Go through the listing beneath and show each line containing the string "with".

=== Data provided ===

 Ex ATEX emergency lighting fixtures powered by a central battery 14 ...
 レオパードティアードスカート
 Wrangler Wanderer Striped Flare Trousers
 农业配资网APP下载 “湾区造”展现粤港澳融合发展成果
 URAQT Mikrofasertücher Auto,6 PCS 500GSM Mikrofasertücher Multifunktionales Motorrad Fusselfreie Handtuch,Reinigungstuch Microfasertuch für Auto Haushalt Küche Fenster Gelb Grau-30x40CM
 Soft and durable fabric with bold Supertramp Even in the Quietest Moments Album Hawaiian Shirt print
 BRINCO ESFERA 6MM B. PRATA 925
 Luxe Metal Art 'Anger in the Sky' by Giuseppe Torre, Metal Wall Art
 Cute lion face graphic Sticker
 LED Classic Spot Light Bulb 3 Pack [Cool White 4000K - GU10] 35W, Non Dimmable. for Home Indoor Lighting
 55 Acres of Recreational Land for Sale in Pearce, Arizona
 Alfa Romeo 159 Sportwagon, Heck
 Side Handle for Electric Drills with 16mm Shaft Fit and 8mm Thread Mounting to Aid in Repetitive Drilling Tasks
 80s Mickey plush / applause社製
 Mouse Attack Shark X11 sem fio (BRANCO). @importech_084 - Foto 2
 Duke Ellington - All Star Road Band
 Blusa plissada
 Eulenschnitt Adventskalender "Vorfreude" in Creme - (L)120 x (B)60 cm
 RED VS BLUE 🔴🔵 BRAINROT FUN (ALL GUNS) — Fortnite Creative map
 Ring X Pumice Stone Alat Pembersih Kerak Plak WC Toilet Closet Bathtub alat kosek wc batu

===

Final answer:
 Soft and durable fabric with bold Supertramp Even in the Quietest Moments Album Hawaiian Shirt print
 Side Handle for Electric Drills with 16mm Shaft Fit and 8mm Thread Mounting to Aid in Repetitive Drilling Tasks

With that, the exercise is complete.